== WORK TO BE COMPLETED ==
Please repeat only the stretch of records running from the first line through the line that contains "You2Toys bunt. - akkus, vízálló".

== RECORDS FOR THE EXERCISE ==
■ ■ ■

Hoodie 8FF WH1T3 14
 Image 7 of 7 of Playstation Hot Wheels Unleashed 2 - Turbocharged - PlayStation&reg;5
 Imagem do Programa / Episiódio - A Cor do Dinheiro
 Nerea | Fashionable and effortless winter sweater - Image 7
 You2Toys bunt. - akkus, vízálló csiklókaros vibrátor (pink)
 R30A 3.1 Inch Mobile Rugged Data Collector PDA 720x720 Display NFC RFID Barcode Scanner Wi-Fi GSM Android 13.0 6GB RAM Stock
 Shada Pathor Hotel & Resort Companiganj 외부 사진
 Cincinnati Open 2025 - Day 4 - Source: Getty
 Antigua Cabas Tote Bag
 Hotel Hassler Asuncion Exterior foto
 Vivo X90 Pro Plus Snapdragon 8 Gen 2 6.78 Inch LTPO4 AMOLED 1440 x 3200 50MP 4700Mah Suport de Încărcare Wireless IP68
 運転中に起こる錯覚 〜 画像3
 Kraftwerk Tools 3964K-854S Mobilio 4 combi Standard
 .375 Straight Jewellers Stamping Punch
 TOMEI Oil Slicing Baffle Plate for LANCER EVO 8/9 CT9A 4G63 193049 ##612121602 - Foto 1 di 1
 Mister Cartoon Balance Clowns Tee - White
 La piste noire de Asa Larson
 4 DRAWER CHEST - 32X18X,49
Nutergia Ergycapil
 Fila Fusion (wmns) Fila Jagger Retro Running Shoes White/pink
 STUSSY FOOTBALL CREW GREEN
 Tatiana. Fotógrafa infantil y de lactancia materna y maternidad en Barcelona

■ ■ ■

== SOLUTION TO THE PROBLEM ==
Hoodie 8FF WH1T3 14
 Image 7 of 7 of Playstation Hot Wheels Unleashed 2 - Turbocharged - PlayStation&reg;5
 Imagem do Programa / Episiódio - A Cor do Dinheiro
 Nerea | Fashionable and effortless winter sweater - Image 7
 You2Toys bunt. - akkus, vízálló csiklókaros vibrátor (pink)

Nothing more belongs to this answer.